**ACTIVITY**
Every entry must be transcribed exactly. Pictures are not part of the copy.

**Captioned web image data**

• • • •

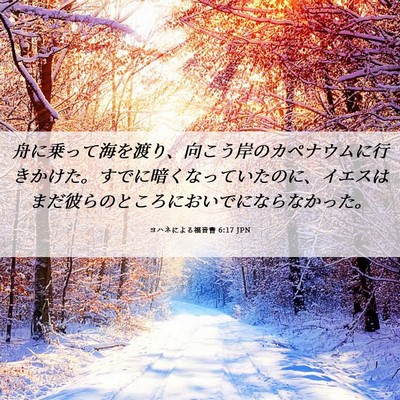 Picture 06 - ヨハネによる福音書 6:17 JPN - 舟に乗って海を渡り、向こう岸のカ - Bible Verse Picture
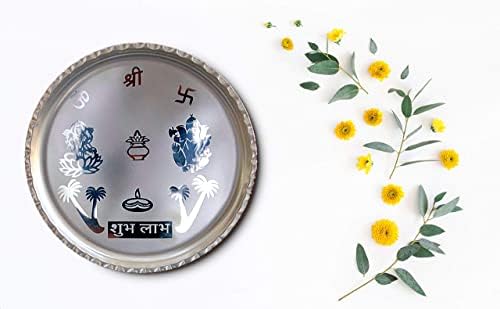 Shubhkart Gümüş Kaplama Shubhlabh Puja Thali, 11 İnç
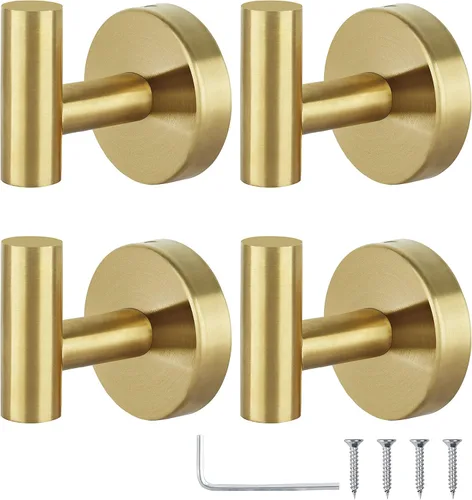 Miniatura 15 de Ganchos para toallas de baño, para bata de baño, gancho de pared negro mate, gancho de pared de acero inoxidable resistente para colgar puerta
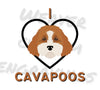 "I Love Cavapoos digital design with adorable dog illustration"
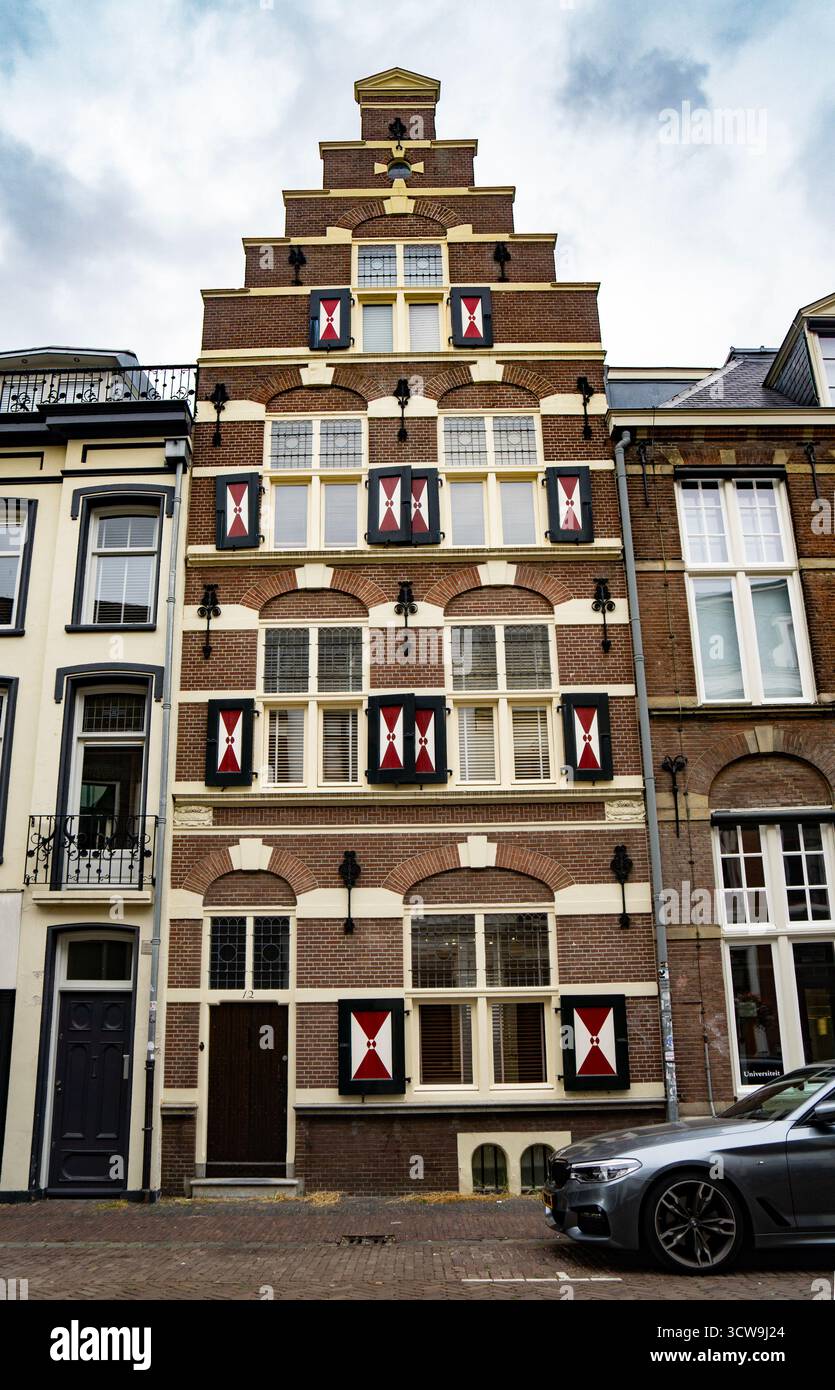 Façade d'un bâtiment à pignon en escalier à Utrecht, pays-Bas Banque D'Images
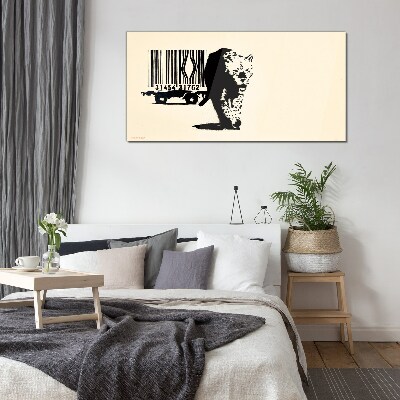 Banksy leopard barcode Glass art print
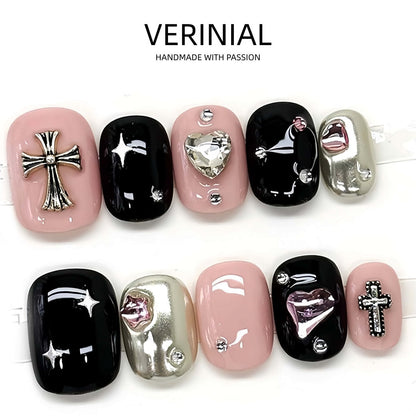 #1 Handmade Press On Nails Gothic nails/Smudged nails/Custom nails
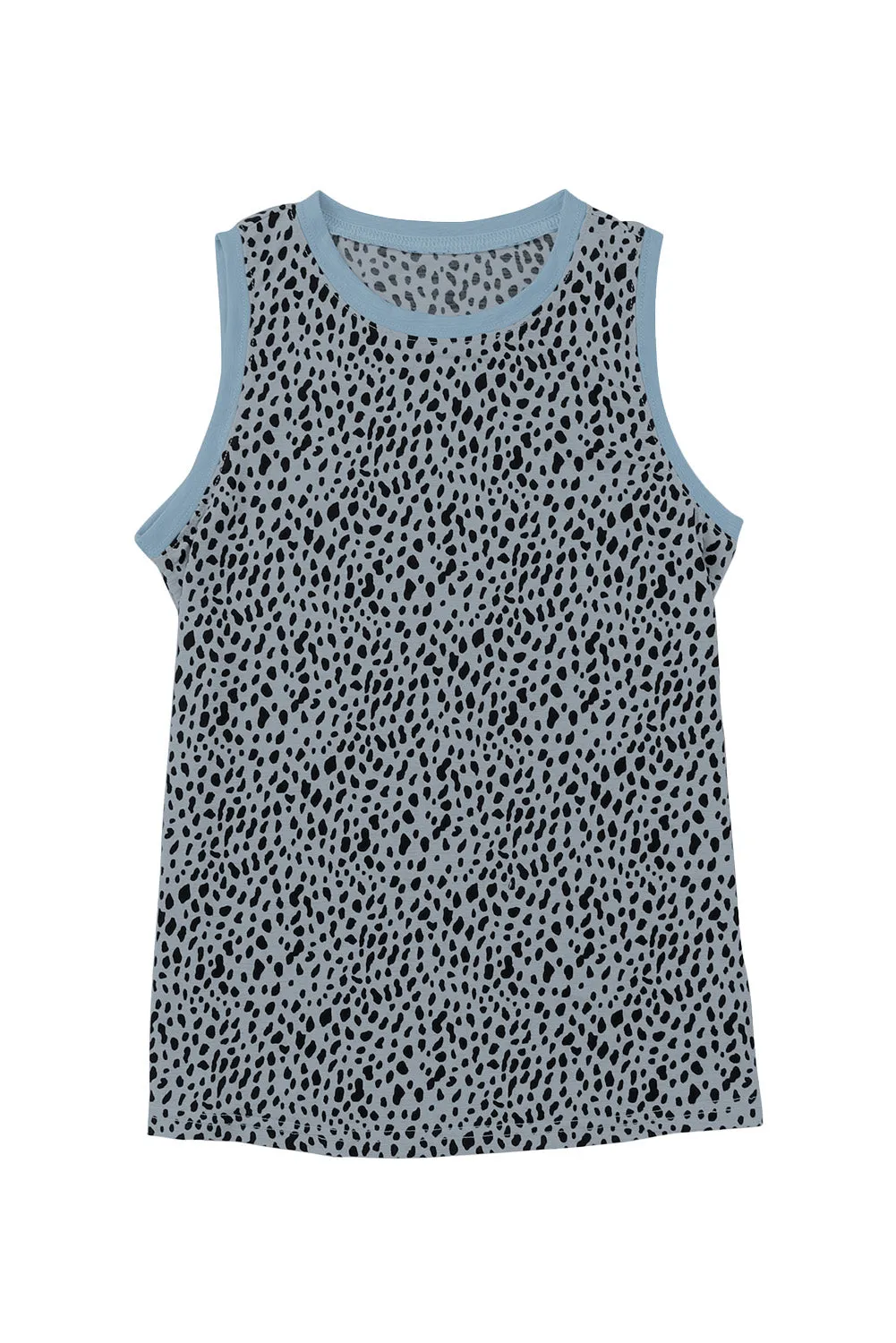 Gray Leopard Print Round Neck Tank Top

• • • •

**SOLUTION TO THE EXERCISE**
 Picture 06 - ヨハネによる福音書 6:17 JPN - 舟に乗って海を渡り、向こう岸のカ - Bible Verse Picture
 Shubhkart Gümüş Kaplama Shubhlabh Puja Thali, 11 İnç
 Miniatura 15 de Ganchos para toallas de baño, para bata de baño, gancho de pared negro mate, gancho de pared de acero inoxidable resistente para colgar puerta
 "I Love Cavapoos digital design with adorable dog illustration"
 Façade d'un bâtiment à pignon en escalier à Utrecht, pays-Bas Banque D'Images
 Banksy leopard barcode Glass art print
 #1 Handmade Press On Nails Gothic nails/Smudged nails/Custom nails
 Gray Leopard Print Round Neck Tank Top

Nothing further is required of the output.